Both of our structs store their values immutably so that they cannot be changed after creation, and we override GetHashCode and Equals so that separate instances can be compared for equality properly. Note also that there is no inheritance between the two structs - we do not want the ability for a method to expect a UserID and find someone passing in an AccountID because it inherits.

We can now update our objects to use these IDs:

public class Account
{
	public AccountID ID { get; }
	//...
}

public class User
{
	public UserID ID { get; }
	public IEnumerable<Account> Accounts { get; }
}

And update any method which expects an ID now gets the specific type:

public DateTime GetLastActiveDate(UserID userID)
{
	return ...
}

This means that when someone writes this:

var date = GetLastActiveDate(_user.Accounts.First().ID);

The compiler will complain with an error: Unable to cast type 'AccountID to type ‘UserID``.

Abstracting column type

By doing this work to use custom types instead of native types for our IDs gives us another benefit: we can hide what type the database is using from the domain, meaning we could change our table’s key to be a uuid, and the only place we would need to change in code would be the relevant ID class.

Extra functionality

One more benefit that comes from this approach is that our IDs are now first class citizens in the type world, and we can imbue them with extra functionality.
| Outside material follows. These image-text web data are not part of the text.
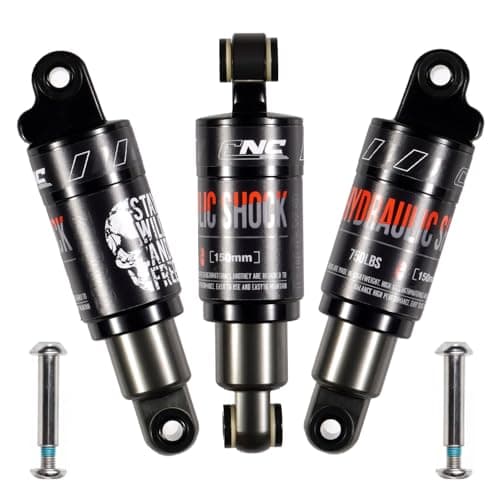 Image of CNCLOL Mountain Bike Rear Shock 120mm/125mm/150mm/165mm/185mm/190mm/200mm, Hydraulic Rear Suspension Shock Absorber, Non-Adjustable Oil Pressure Shock for MTB, Bicycle, DH,E-Bike.150x750lbs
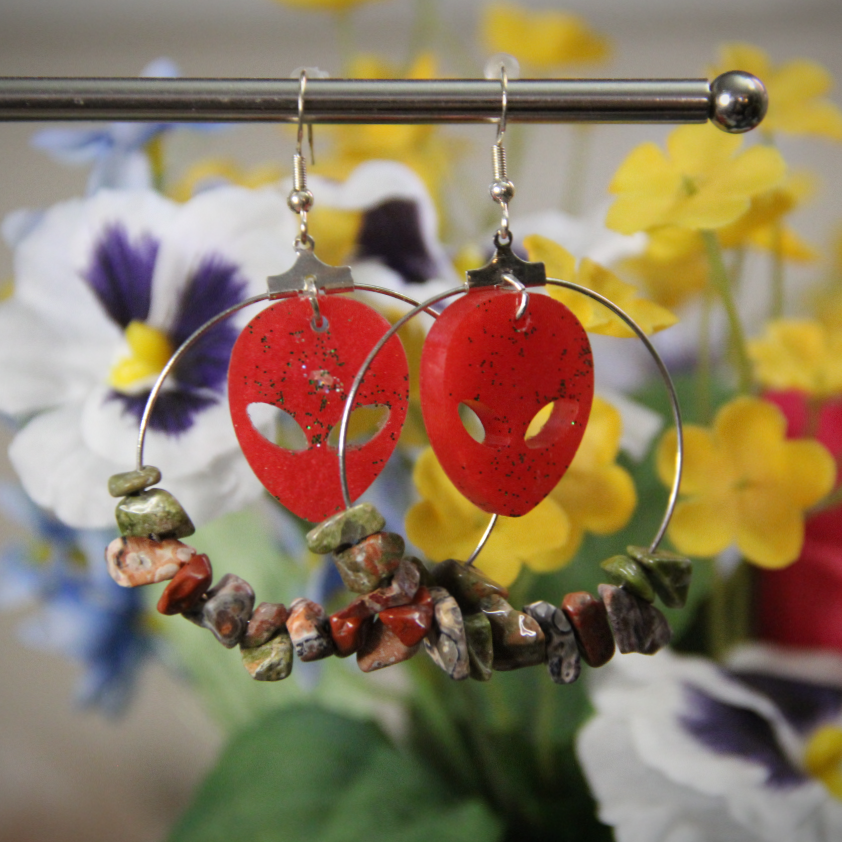 Intergalactic Traveller Gemstone Hoop Earrings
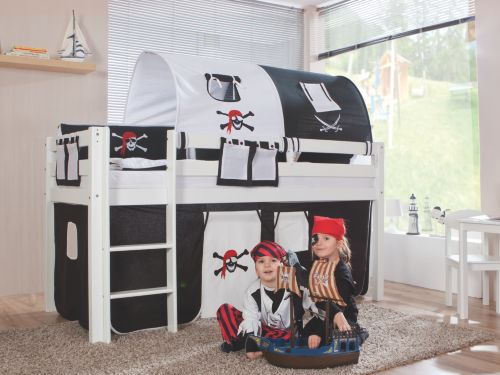 Hochbett Andre weiss inkl. Stoffset, Pirat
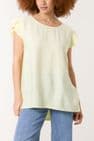LINEN LOOK BUTTON BACK TOP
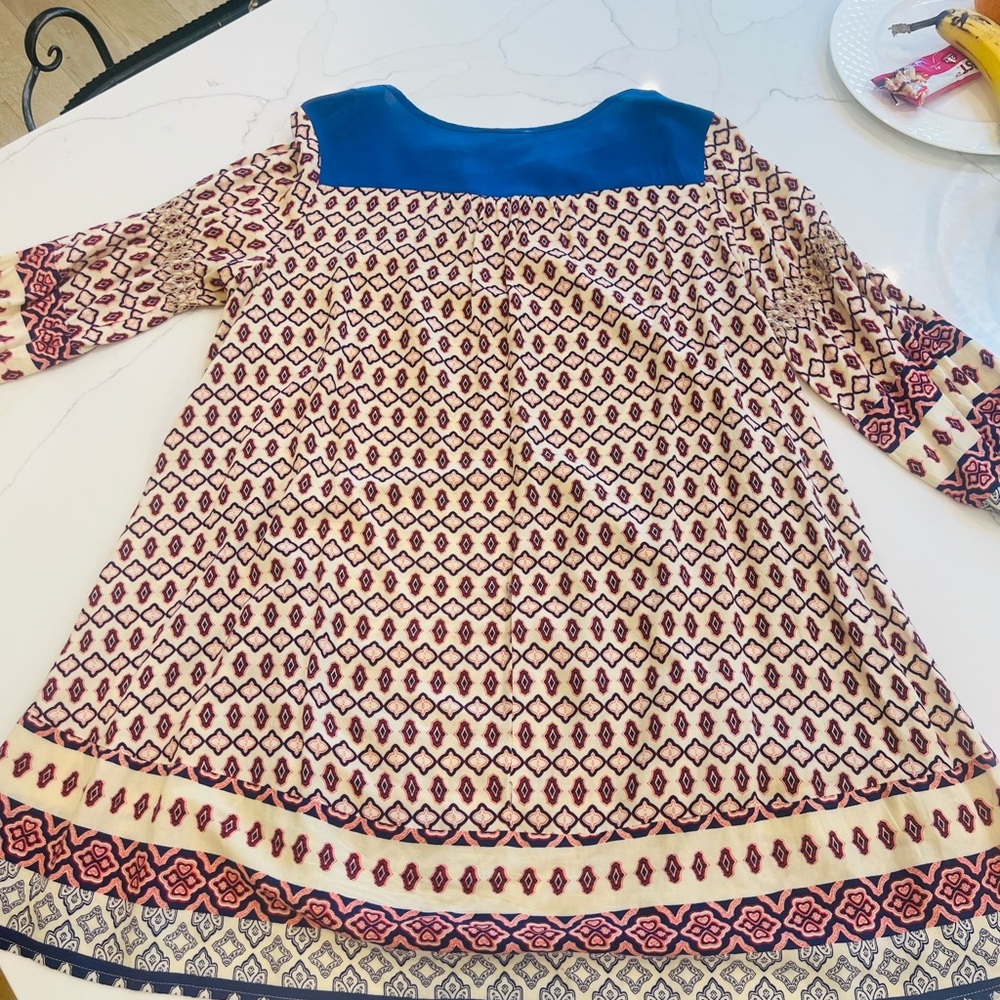 Umgee Cream Tunic Top with Red & Blue Geometric Print - Picture 3 of 4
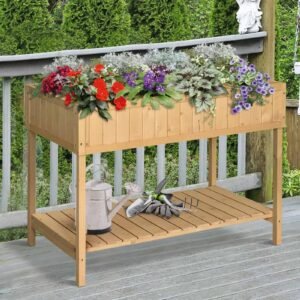 8 Compartment Fir Wood Plant Stand – Stylish Oak Tone for Indoor/Outdoor Use Garden Free Shipping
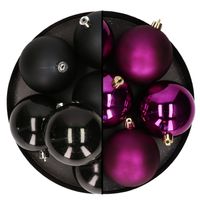 Decoris kerstballen - 12x st - 8 cm - zwart en paars - kunststof - Kerstbal - thumbnail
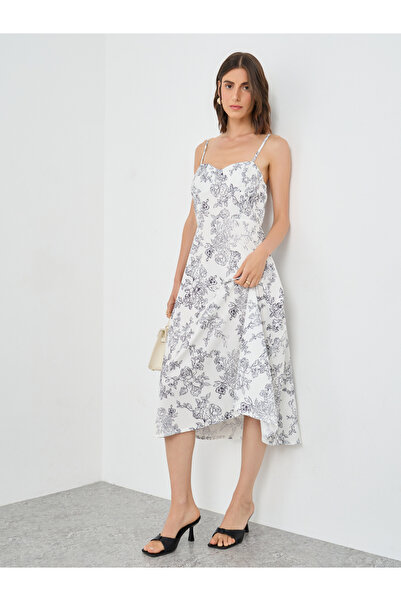 Styli Floral Print Sweetheart Neck Cami Midi Dress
A system I use has a table with both a uuid column for the primary key, and an int based refnum column for displaying to users, something like this:

person:
id : uuid, forename : varchar(50), surname : varchar(50), dateofbirth : date, refnum : int

As we have a PersonID type, we can make that hold both values, and override the ToString method so that when called it displays the user friendly ID:

public struct PersonID
{
	private readonly Guid _id;
	private readonly int _refnum;

	public PersonID(Guid id, int refnum)
	{
		_id = id;
		_refnum = refnum;
	}

	public override int GetHashCode()
	{
		//http://stackoverflow.com/questions/263400/what-is-the-best-algorithm-for-an-overridden-system-object-gethashcode/263416#263416
		unchecked
		{
			int hash = 17;
			hash = hash * 23 + _id.GetHashCode();
			hash = hash * 23 + _refnum.GetHashCode();
			return hash;
		}
	}

	public override bool Equals(object obj)
	{
		return (obj is PersonID) && (((PersonID)obj)._id == _id) && (((PersonID)obj)._refnum == _refnum);
	}

	public override string ToString()
	{
		return _refnum.ToString()
	}
}

This means that if in the future we decided to convert to using the refnum as the primary key, and drop the uuid column, again all we would need to do would be to update the PersonID type, and the rest of our code base would be unaffected.